The project took more than 20 years to complete and a team of more than 2,000 scientists [AFP]

A team of scientists in Switzerland have restarted the world's largest sub-atomic particle collider for the first time since the nearly $10bn machine suffered a massive malfunction last year.

Scientists switched on the Large Hadron Collider (LHC) on the Swiss-French border on Friday after 14 months of repairs, the European Organisation for Nuclear Research (Cern) said.

The LHC aims to resolve some of the greatest questions surrounding fundamental matter, such as how particles acquire mass and how they were forged in the big bang that created the universe some 13.7bn years ago.

Scientists hope sub-atomic particles flung around the 27km of tunnel will collide at close to the speed of light.

A spokesman for the organisation said scientists hope to have beams circulating by early Saturday.

"At the moment they're putting beams down in the Large Hadron Collider and as the night goes on they'll take the beams through and start circulating them," James Gillies told the Reuters news agency.

Complex experiment

The machine circulated its first beams on September 10, 2008, but it was shut down days later because of a fault in the cooling system.

It failed again in late September of last year after an electrical malfunction caused a helium leak in the tunnel.

The Big Bang theory



The phrase "big bang" was coined in 1949 by Fred Hoyle, a British scientist.

Hoyle was trying to disparage the then emerging theory, which countered his own "steady state" view - that the universe had always existed and was evolving but was not expanding.

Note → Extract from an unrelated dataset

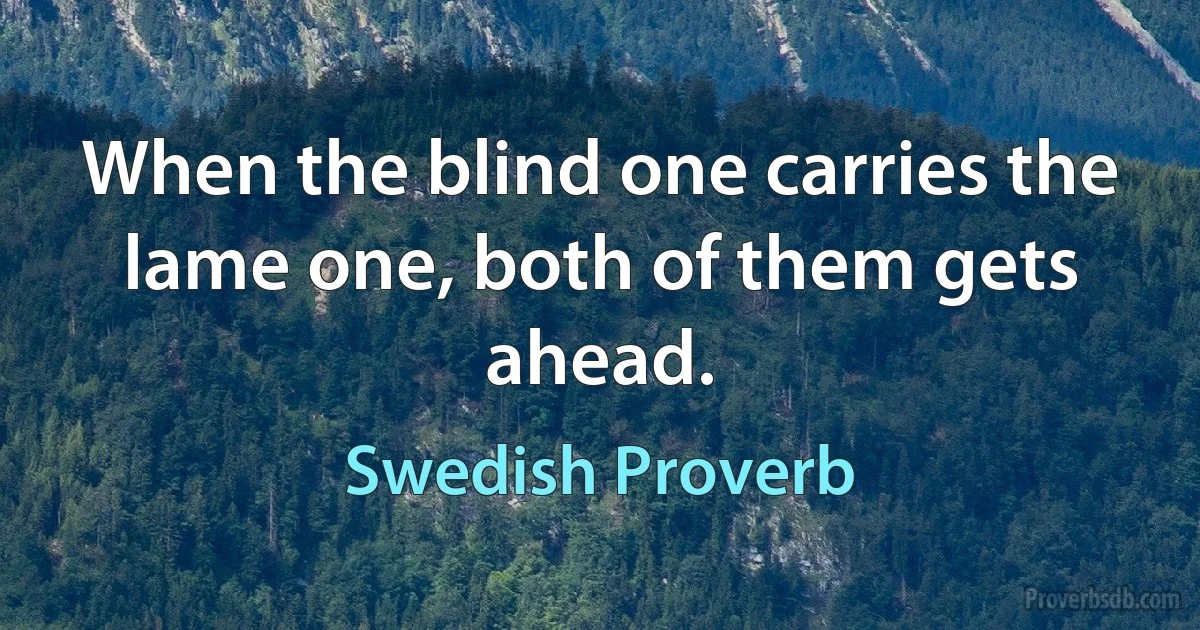 When the blind one carries the lame one, both of them gets ahead. (Swedish Proverb)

The Big Bang theory suggests the universe began as a speck at extremely high temperature and density and rapidly expanded and in doing so cooled.

"The LHC is a far better understood machine than it was a year ago," the Associated Press news agency quoted Steve Myers, Cern's director for accelerators, as saying.

"We've learned from our experience and engineered the technology that allows us to move on. That's how progress is made."

The LHC took nearly 20 years to complete and is one of the costliest and most complex scientific experiments ever attempted.

More than 2,000 scientists from around the world have worked on the project, which hopes to observe a particle known as a Higgs Boson, that scientists hope will explain how particles pick up mass.

The Higgs was named after Peter Higgs, a British physicist who devised the theory of its existence in 1964.

The collider will send protons in opposite directions along a 27km circuit - the protons will travel the 27km 11,000 times per second - and at four points the protons will intersect and smash together.

Scientists will monitor the collisions and collect data on the particles created by these collisions, which they say will come close to re-enacting the Big Bang - the theory that a colossal explosion created the universe.

The project could also help prove the theory of super symmetry, a theory in particle physics that suggests every particle has a corresponding partner particle.